Although the U.S. Inspector General believes the EPA controls are incomplete and may have failed to protect human health when regulating biosolids,6 according to the Michigan Department of Environmental Quality:7

“Biosolids are one of the most studied materials that have ever been regulated by the U.S. Environmental Protection Agency (USEPA). Decades of studies have demonstrated that biosolids can be safely used for the production of crops.

The National Academy of Sciences has reviewed current practices, public health concerns, and regulator standards and has concluded that “the use of these materials in the production of crops for human consumption when practiced in accordance with existing federal guidelines and regulations, presents negligible risk to the consumer, to crop production and to the environment.”

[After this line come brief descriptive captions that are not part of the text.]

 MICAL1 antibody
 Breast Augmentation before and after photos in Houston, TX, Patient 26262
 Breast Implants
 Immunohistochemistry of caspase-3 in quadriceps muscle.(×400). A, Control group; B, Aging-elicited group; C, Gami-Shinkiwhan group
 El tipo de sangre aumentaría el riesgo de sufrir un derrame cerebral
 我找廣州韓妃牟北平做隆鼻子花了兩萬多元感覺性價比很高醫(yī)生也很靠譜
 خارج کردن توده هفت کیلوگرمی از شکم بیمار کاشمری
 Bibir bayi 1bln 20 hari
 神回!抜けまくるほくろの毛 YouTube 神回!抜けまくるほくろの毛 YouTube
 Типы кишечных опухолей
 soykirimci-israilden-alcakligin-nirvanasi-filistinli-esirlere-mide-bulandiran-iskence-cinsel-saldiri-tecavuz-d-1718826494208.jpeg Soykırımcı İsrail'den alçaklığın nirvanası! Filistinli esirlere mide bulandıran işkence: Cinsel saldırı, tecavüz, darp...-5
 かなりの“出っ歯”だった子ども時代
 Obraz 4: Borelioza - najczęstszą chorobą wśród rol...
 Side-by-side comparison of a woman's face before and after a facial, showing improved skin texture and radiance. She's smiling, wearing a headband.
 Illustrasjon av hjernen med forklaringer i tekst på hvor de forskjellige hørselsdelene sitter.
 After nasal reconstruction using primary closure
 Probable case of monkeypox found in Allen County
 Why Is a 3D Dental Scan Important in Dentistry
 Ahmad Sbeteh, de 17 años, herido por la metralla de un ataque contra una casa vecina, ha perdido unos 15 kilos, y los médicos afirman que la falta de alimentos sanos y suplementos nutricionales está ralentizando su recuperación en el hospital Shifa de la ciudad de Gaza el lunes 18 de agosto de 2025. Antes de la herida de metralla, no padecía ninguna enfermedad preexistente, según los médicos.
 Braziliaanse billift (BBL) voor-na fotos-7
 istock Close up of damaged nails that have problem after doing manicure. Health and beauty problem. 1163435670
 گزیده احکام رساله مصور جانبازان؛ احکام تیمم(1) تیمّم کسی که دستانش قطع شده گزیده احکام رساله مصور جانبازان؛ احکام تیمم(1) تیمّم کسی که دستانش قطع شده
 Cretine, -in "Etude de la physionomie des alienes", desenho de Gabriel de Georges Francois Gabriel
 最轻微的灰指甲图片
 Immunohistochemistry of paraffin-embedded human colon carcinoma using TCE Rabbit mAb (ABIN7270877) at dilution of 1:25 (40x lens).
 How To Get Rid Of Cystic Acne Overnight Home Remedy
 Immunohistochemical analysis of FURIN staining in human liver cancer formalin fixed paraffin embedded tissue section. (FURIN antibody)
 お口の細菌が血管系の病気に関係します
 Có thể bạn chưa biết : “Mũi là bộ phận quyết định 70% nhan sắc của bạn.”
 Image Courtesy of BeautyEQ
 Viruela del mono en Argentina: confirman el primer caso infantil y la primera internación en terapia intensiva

EPA Unsure of Biosolid Safety

As Lewis describes in the video, none of the toxic organic chemicals regulated by the EPA is monitored in sewage sludge and only nine of 27 toxic heavy metals are monitored. According to a recently-published investigation by the Office of Inspector General, a broad list of potential threats have not been evaluated.

The agency has identified 352 chemical pollutants making their way out of wastewater treatment plants in treated biosolids, including pesticides, pharmaceuticals and solvents.8 Of these, 61 are listed as hazardous materials with known human effects. However, to date the EPA has not completed a risk assessment for any.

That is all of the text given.